– Разве этим несчастным нельзя говорить? – спросила миссис Вивиш, снова оборачиваясь к Бруину. – Ни разу в жизни не видела человека, который столько думал бы о низших классах.

– Я их ненавижу, – сказал Бруин. – Все бедные, больные и старики внушают мне отвращение. Не переношу их; меня буквально тошнит от них.

– Quelle âme bien-née![52] – пискнул мистер Меркаптан. – И как честно и прямо выражаете вы то, что мы все чувствуем, но не осмеливаемся сказать!

Липиат разразился негодующим хохотом.

– Когда я был маленьким, – продолжал Бруин, – помню, дедушка рассказывал мне о своем детстве. Он рассказывал, что, когда ему было пять или шесть лет, как раз перед биллем о реформах тридцать второго года, существовала такая песня, которую пели все благомыслящие люди; припев там был примерно такой: «К черту народ, к дьяволу народ, к сатане рабочий класс». Жаль, я не знаю остальных слов и мотива. Должно быть, хорошая была песня.

Песня привела Колмэна в восторг. Он перекинул трость через плечо и принялся маршировать вокруг ближайшего фонарного столба, распевая слова на мотив бравурного марша. «К черту народ, к дьяволу народ…» Он отбивал такт, тяжело стуча каблуками по тротуару.

– Ах, если бы изобрели слуг с двигателями внутреннего сгорания, – почти жалобно сказал Бруин. – В самом вышколенном слуге иногда обнаруживается человек. А это – просто невыносимо.

– Нет горше мук нечистой совести, – вполголоса процитировал Гамбрил.

– Но мистер Шируотер, – сказала Майра, переводя разговор на более удобную для нее почву, – не сказал нам еще, что он думает о руках.

– Ровно ничего, – сказал Шируотер. – В данный момент я работаю над кровообращением.

– Неужели он говорит правду, Теодор? – воззвала она к Гамбрилу.

– Думаю, что да. – Гамбрил ответил словно откуда-то издалека и без всякого интереса. Он прислушивался к разговору тех, кого Бруин обозвал «чернью», и вопрос миссис Вивиш казался несколько неуместным.

– Я работал ломовиком, – говорил человек с чашкой. – Была у меня тележка и старенький пони. Ничего, жили помаленьку и не жаловались. Вот только с мебелью да с тяжелыми вещами была беда. В Индии я подцепил малярию – я был там во время войны…

– И даже – вы заставляете меня перешагнуть границы приличия – и даже, – не отставала миссис Вивиш, страдальчески улыбаясь, произнося слова хрипло, как в предсмертной агонии, – о ногах?

Эти слова привели в действие кощунственный механизм, скрытый в мозгу Колмэна.

– Ни ноги мужчины не радуют его, – заорал он и с преувеличенной страстью обнял Зоэ, которая поймала его руку и укусила.

– Как чуть устанешь, так она и начинает тебя трепать, малярия-то. – Лицо у говорившего было изжелта-бледное, и во всем его нищенском виде было что-то особенно неспокойное и безнадежное. – А как она тебя начнет трепать, тут и сила вся пропадет – перышка поднять не можешь.

Шируотер покачал головой.

– И даже сердце? – Миссис Вивиш подняла брови. – Ах, теперь, когда произнесено неизбежное слово, на сцену выступает единственная подлинная тема всякого разговора.

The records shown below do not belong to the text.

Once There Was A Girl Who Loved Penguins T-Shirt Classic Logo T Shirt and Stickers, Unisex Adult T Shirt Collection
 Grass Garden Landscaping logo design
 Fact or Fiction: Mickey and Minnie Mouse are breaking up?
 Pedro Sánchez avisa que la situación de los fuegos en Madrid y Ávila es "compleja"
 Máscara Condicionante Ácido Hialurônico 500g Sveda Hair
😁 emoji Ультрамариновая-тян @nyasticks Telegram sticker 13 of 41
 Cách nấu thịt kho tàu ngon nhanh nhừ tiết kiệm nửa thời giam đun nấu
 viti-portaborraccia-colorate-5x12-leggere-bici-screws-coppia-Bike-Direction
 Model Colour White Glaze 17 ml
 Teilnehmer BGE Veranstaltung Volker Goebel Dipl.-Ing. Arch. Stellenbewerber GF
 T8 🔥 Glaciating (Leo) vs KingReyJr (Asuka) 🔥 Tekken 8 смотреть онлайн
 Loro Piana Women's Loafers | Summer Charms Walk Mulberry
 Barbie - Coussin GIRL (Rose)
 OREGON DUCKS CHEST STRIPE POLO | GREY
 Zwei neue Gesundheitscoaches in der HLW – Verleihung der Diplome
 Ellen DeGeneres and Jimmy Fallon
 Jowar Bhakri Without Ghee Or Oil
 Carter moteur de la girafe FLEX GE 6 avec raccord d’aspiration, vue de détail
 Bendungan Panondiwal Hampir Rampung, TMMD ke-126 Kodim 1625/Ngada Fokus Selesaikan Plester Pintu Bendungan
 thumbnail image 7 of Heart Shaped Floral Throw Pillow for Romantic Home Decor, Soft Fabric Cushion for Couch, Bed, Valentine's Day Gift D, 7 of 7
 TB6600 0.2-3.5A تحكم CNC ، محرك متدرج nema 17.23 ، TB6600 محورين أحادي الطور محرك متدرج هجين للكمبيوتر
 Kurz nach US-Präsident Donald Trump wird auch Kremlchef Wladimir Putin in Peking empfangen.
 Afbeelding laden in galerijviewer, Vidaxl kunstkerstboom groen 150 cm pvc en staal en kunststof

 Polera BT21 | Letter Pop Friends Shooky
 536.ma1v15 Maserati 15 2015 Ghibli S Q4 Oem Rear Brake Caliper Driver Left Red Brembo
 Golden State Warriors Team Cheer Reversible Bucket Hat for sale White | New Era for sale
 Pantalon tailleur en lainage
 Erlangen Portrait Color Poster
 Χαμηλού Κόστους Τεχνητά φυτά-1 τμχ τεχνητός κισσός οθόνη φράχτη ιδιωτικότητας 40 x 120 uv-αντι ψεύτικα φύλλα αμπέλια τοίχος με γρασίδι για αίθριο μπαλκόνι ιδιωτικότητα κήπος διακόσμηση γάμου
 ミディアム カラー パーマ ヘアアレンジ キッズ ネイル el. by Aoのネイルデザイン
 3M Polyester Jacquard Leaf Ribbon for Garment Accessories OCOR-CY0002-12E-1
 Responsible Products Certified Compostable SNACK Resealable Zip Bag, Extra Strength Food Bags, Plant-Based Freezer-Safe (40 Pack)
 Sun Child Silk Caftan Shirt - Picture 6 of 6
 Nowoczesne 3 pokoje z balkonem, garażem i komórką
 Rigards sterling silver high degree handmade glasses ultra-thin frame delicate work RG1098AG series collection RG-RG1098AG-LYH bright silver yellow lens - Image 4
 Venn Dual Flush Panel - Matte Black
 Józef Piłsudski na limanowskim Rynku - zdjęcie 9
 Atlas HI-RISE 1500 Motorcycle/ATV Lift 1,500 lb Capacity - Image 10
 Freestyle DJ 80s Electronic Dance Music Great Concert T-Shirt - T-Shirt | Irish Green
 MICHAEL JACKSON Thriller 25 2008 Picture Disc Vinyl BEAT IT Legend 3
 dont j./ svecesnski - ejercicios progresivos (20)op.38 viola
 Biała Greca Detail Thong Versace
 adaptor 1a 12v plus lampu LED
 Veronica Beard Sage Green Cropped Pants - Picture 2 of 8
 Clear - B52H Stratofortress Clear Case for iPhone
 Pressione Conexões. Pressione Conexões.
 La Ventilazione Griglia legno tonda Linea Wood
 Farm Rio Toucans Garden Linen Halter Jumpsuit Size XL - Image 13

Любовь, мистер Шируотер!

– Но я ничего не говорю, – снова уступил человек с чашкой, – жили помаленьку, да и не так уж плохо. Грех было бы жаловаться. Верно я говорю, Флорри?

Черный узел в знак согласия качнул своей верхней оконечностью.

– Эта тема, – сказал Шируотер, – принадлежит к тому же роду, что и Китайская стена или биология плоских глистов: я не позволю себе интересоваться ею.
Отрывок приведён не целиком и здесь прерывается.